## Exercise brief
Without the images, repeat every line of the listing verbatim.

## Data block
==============================

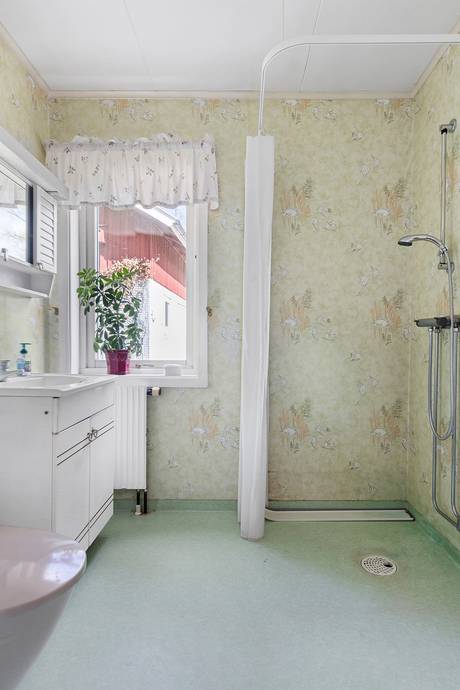 4 rum Villa på Västra Vadje 3 Fensbol Torsby kommun - bild 12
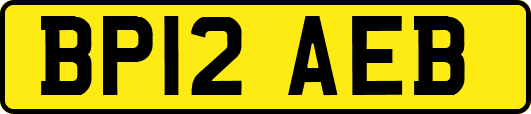 BP12AEB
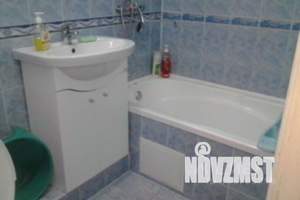 3-к квартира, посуточно, 62м2, 2/5 этаж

==============================

## Your solution
 4 rum Villa på Västra Vadje 3 Fensbol Torsby kommun - bild 12
 BP12AEB
 3-к квартира, посуточно, 62м2, 2/5 этаж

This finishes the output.